• Directions for this task:
Carry none of the pictures over; write out the complete data exactly.

• Information provided:
-------
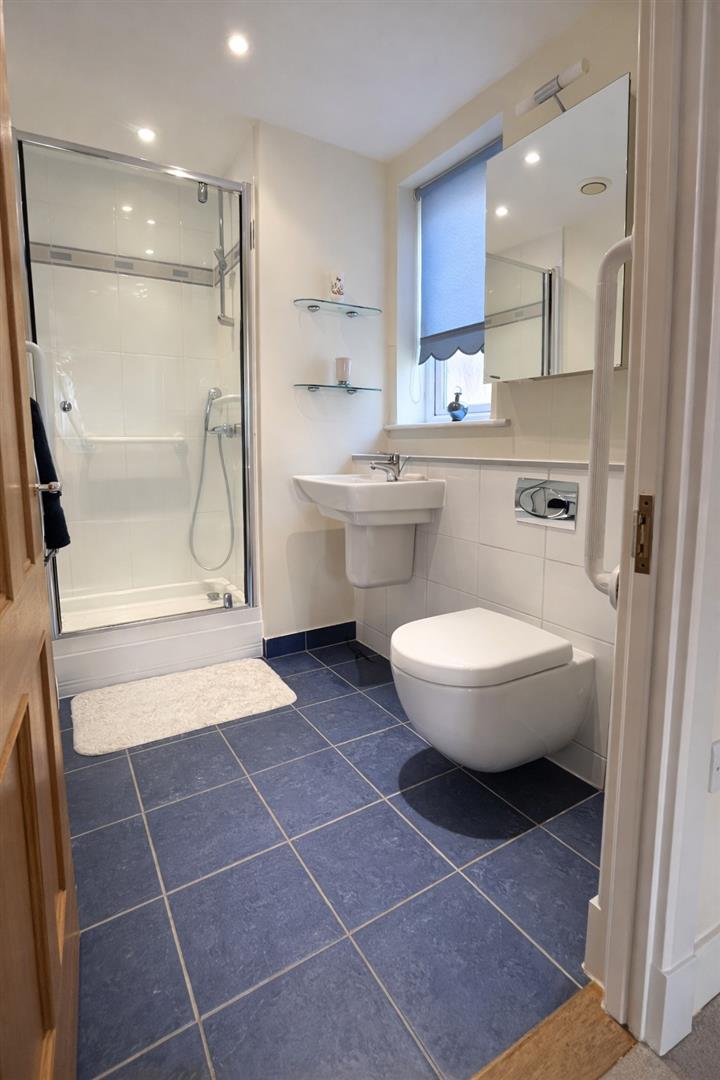 2 Bedroom Apartment. Grand Parade in Eastbourne,  13
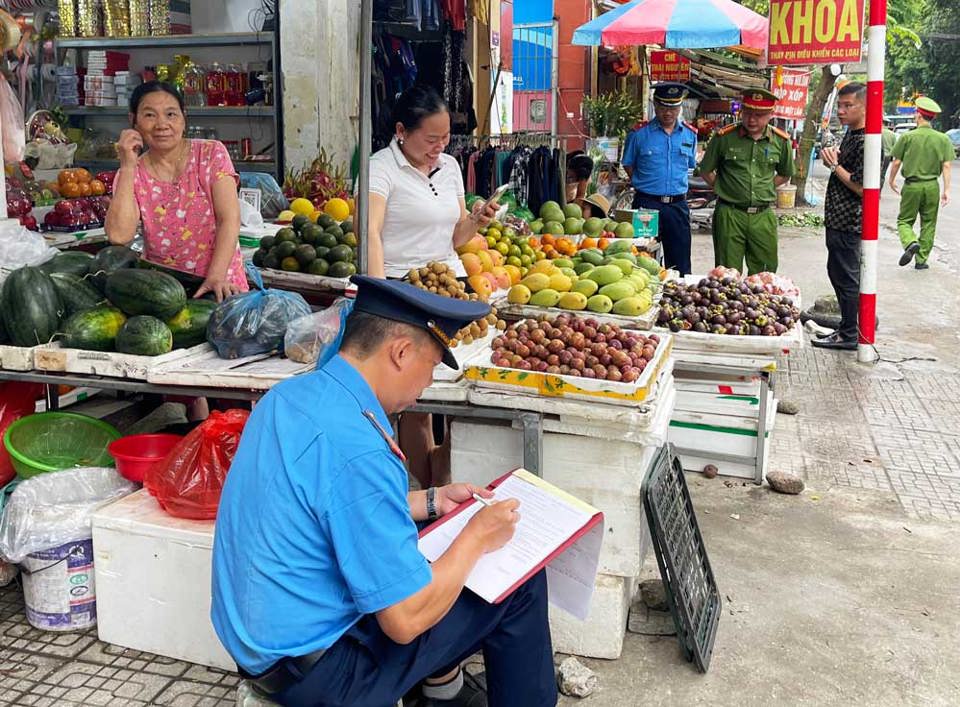 Đo&agrave;n li&ecirc;n ng&agrave;nh lập bi&ecirc;n bản đối với trường hợp vi phạm.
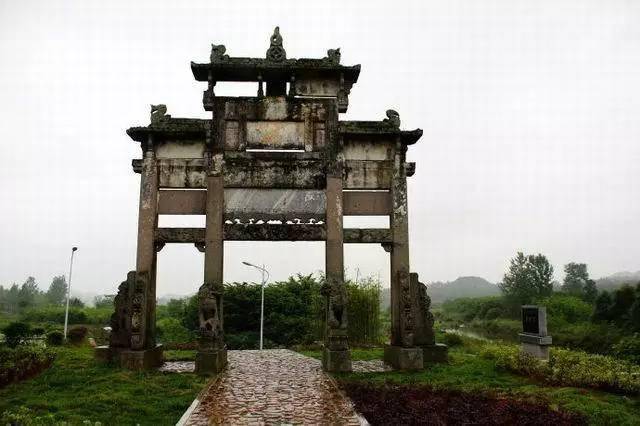 安徽泾县九峰村百岁牌坊(4)节孝坊,多表彰节妇烈女,孝子孝女;贞洁牌坊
-------
• Task solution:
 2 Bedroom Apartment. Grand Parade in Eastbourne,  13
 Đo&agrave;n li&ecirc;n ng&agrave;nh lập bi&ecirc;n bản đối với trường hợp vi phạm.
 安徽泾县九峰村百岁牌坊(4)节孝坊,多表彰节妇烈女,孝子孝女;贞洁牌坊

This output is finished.